■ **Exercise directions**
Within the entries below, the lines from the one with "Hot Japanese Nurse" through the one with "hoe artritis van" are to be set down exactly, both ends kept.

■ **Supplied information**
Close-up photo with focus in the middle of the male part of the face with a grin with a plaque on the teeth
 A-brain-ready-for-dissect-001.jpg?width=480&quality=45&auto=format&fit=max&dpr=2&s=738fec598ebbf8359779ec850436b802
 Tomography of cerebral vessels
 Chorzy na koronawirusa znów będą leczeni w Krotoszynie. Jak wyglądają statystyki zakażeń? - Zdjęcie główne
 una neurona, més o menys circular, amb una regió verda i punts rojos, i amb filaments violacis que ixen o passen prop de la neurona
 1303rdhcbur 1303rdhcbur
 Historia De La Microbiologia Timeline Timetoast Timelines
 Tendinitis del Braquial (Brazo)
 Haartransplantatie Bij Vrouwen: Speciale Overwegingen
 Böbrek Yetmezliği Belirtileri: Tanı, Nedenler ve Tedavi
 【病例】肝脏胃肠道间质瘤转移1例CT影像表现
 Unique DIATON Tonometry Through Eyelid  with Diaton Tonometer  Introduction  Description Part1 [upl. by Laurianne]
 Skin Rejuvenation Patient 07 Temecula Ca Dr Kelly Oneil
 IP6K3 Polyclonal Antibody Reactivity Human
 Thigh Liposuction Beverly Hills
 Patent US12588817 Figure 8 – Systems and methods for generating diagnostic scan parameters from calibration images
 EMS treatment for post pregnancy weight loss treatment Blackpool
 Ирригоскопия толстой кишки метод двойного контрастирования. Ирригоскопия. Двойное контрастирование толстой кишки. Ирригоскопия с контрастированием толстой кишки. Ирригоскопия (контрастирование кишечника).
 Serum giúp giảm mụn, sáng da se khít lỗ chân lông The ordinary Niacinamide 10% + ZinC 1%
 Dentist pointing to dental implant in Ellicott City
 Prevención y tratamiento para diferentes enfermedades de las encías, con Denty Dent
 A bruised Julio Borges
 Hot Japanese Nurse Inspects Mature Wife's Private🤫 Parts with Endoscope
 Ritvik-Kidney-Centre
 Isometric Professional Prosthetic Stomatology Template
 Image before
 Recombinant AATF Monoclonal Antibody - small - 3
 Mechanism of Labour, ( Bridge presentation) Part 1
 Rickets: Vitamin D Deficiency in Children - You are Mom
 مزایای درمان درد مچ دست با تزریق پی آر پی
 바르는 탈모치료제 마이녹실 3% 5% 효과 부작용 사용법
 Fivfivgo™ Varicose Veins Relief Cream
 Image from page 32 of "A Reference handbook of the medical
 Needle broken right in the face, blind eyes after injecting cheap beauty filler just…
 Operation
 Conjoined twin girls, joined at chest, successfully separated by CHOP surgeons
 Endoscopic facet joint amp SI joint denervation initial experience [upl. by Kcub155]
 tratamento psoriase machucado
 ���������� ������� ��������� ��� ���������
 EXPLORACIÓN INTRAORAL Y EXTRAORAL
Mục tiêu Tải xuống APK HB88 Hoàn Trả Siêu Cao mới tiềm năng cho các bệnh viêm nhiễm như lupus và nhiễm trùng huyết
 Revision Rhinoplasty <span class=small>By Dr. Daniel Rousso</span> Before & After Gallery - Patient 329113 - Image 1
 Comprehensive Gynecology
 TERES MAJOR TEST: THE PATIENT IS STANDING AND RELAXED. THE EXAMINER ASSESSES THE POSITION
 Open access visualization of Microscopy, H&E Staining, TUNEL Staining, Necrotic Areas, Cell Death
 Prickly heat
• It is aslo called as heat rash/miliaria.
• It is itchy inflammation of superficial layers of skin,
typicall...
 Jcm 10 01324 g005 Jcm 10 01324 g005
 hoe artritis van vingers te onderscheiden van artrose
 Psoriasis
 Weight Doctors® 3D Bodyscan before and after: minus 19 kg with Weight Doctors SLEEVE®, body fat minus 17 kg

■ **Result for this exercise**
 Hot Japanese Nurse Inspects Mature Wife's Private🤫 Parts with Endoscope
 Ritvik-Kidney-Centre
 Isometric Professional Prosthetic Stomatology Template
 Image before
 Recombinant AATF Monoclonal Antibody - small - 3
 Mechanism of Labour, ( Bridge presentation) Part 1
 Rickets: Vitamin D Deficiency in Children - You are Mom
 مزایای درمان درد مچ دست با تزریق پی آر پی
 바르는 탈모치료제 마이녹실 3% 5% 효과 부작용 사용법
 Fivfivgo™ Varicose Veins Relief Cream
 Image from page 32 of "A Reference handbook of the medical
 Needle broken right in the face, blind eyes after injecting cheap beauty filler just…
 Operation
 Conjoined twin girls, joined at chest, successfully separated by CHOP surgeons
 Endoscopic facet joint amp SI joint denervation initial experience [upl. by Kcub155]
 tratamento psoriase machucado
 ���������� ������� ��������� ��� ���������
 EXPLORACIÓN INTRAORAL Y EXTRAORAL
Mục tiêu Tải xuống APK HB88 Hoàn Trả Siêu Cao mới tiềm năng cho các bệnh viêm nhiễm như lupus và nhiễm trùng huyết
 Revision Rhinoplasty <span class=small>By Dr. Daniel Rousso</span> Before & After Gallery - Patient 329113 - Image 1
 Comprehensive Gynecology
 TERES MAJOR TEST: THE PATIENT IS STANDING AND RELAXED. THE EXAMINER ASSESSES THE POSITION
 Open access visualization of Microscopy, H&E Staining, TUNEL Staining, Necrotic Areas, Cell Death
 Prickly heat
• It is aslo called as heat rash/miliaria.
• It is itchy inflammation of superficial layers of skin,
typicall...
 Jcm 10 01324 g005 Jcm 10 01324 g005
 hoe artritis van vingers te onderscheiden van artrose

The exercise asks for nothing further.